I haven't had time for that, as I have been doing the work of parenting.
I am becoming less certain that putting all the bits together would, in fact, result in a sort of holographic overarching point springing into existence; perhaps it would remain a pile of slightly banal disconnected observations. At best I think there's some insight into my own personal psychology, which is interesting to me, and probably to you, but less compelling as a reason to make time to sit down and think hard about the topic.

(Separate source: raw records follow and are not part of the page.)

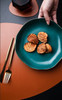 Luxe Designer Placemats by Sia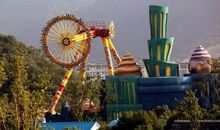 游凤凰山主题乐园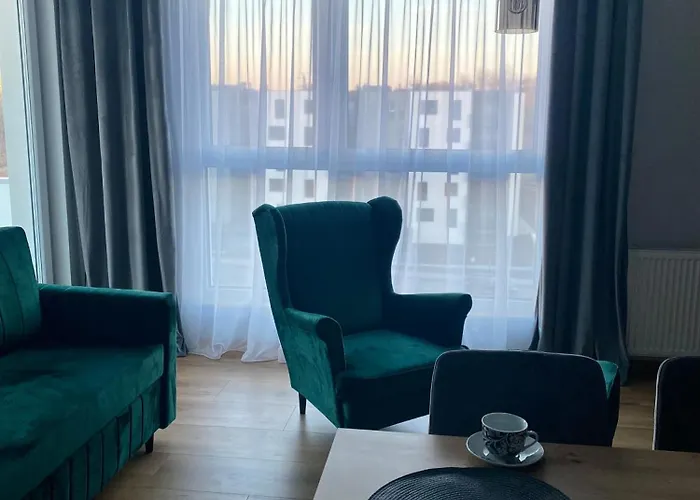 Apartament Gdansk Ujescisko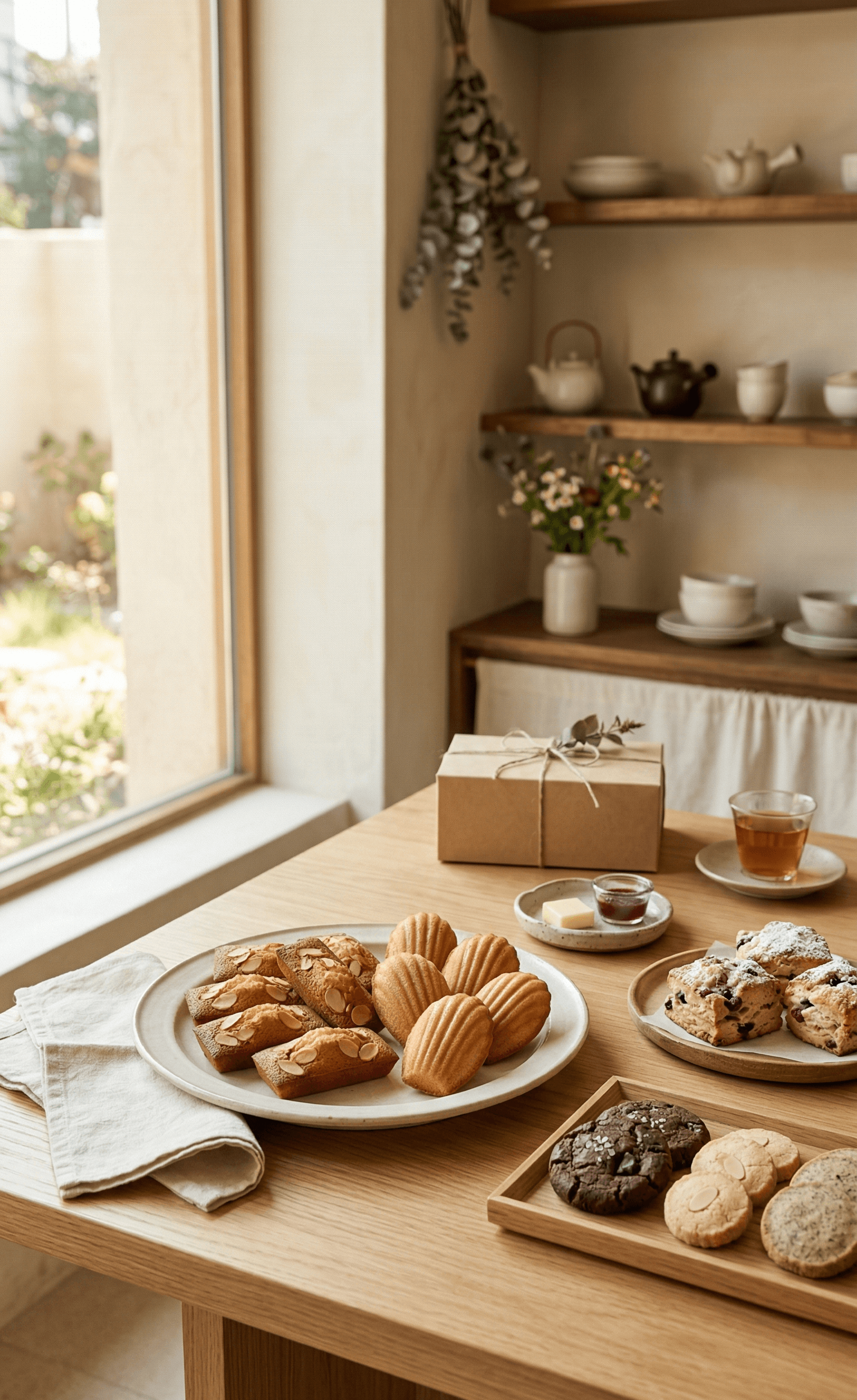 가볍게 선물하기 좋은 기프트세트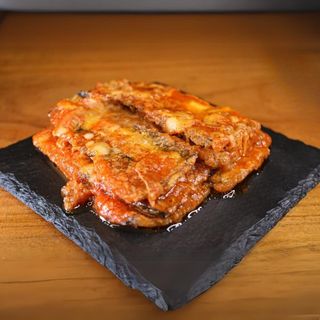 La parmigiana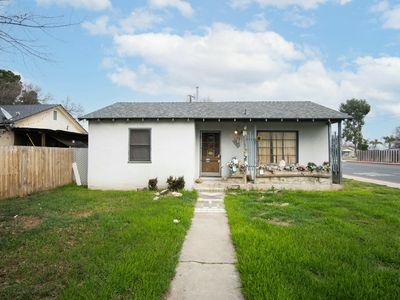 806 N 2nd Street, Porterville, CA, 93257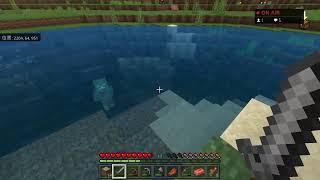 のんびりマイクラ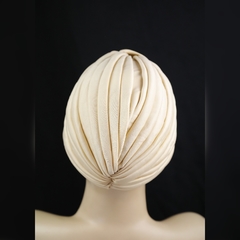 TURBANTE - PLISSADO - Cabelo Mais Estética
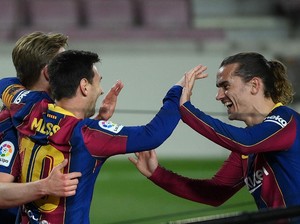 Klasemen Liga Spanyol: Terus Ketat di Atas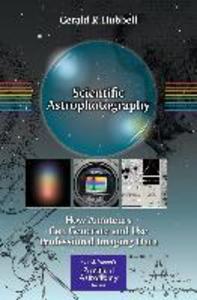 Scientific Astrophotography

But here is the least banal of the observations:
I like to feel productive. I'm pretty good at interpreting that more widely than "making money": I feel reasonably productive on days when I do housework, or run errands, or spend time maintaining social relationships. But I noticed, a while back, that I did not feel productive on days when the baby's needs prevented me from doing any of those things. If I spent all day sitting under a sleeping baby who didn't want to be put down, or reading books to the baby, or going to the park so she could run around, or playing with toys with her, or tossing her in the air, or supervising her interactions with the chickens, I didn't feel like I'd been productive.
That's odd, I thought. I did not quit my job to do housework. I quit my job to spend time with the baby. Why does a day spent entirely on the baby not feel productive? It's supporting her physical and emotional growth, allowing her to explore new environments, objects, and interactions, providing a good secure base of attachment -- this is what I'm supposed to be doing! Why don't I feel like I've been productive?
And then I realized: Because I've been having fun.